== Segment start ==

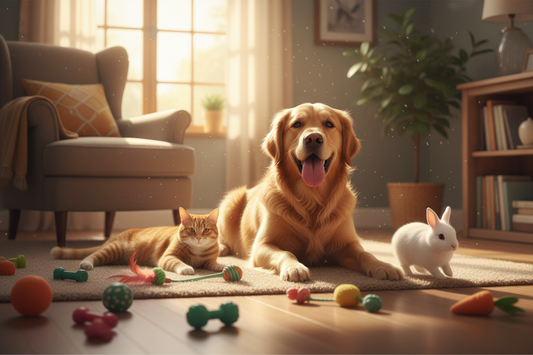 Gut Health: The Essential Item for a Happy, Healthy Pet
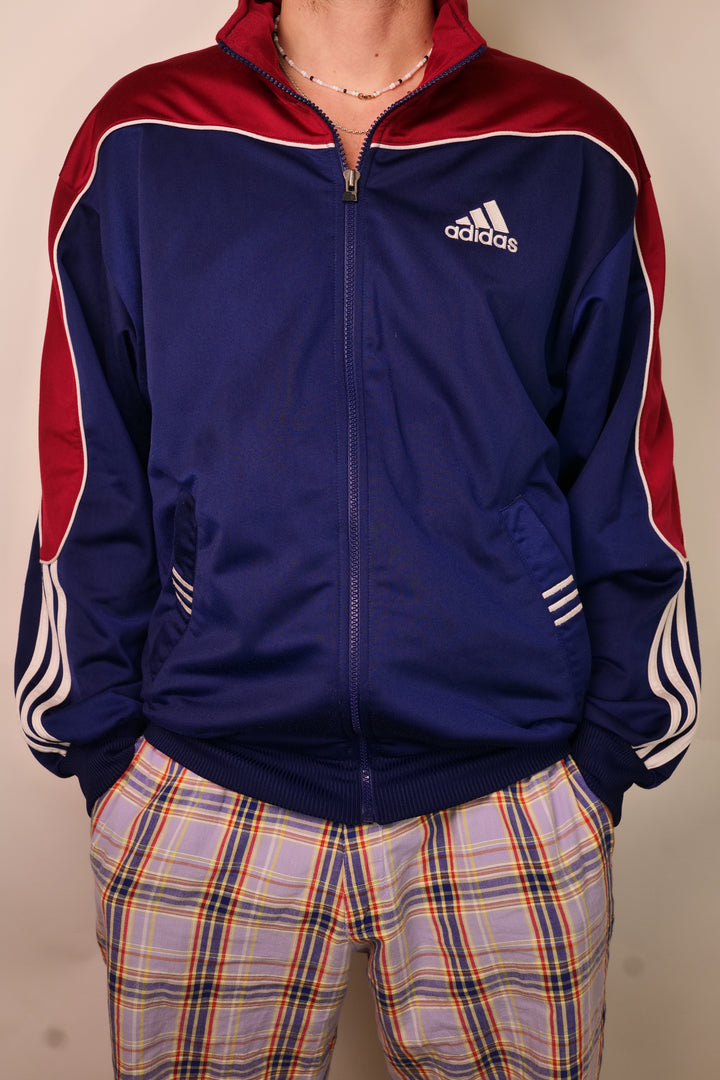 ADIDAS Vintage Trainingsjacke/ Track Jacket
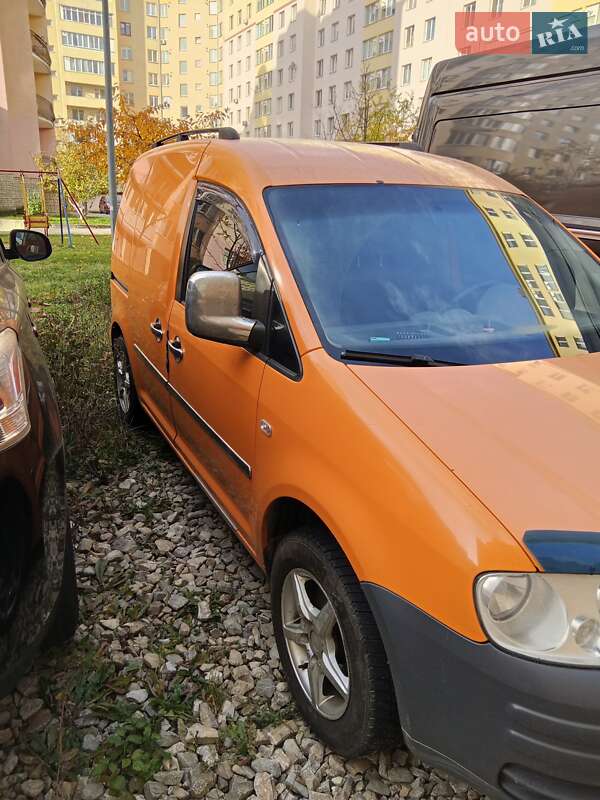 Volkswagen Caddy 2008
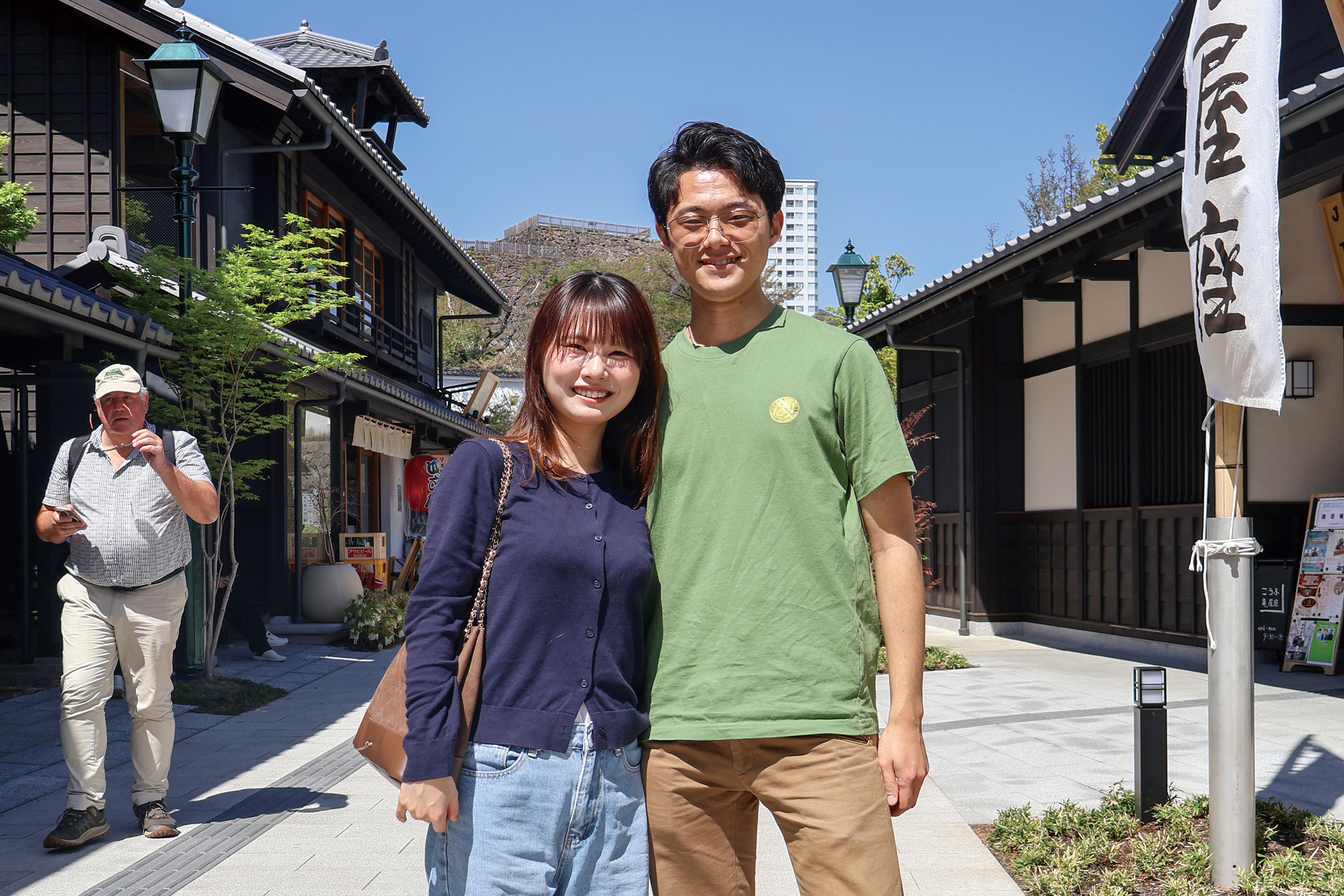 ストリートスナップ in 甲府（vol.010）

== Segment end ==

With the images removed, reproduce all the material above word for word.

 Gut Health: The Essential Item for a Happy, Healthy Pet
 ADIDAS Vintage Trainingsjacke/ Track Jacket
 Volkswagen Caddy 2008
 ストリートスナップ in 甲府（vol.010）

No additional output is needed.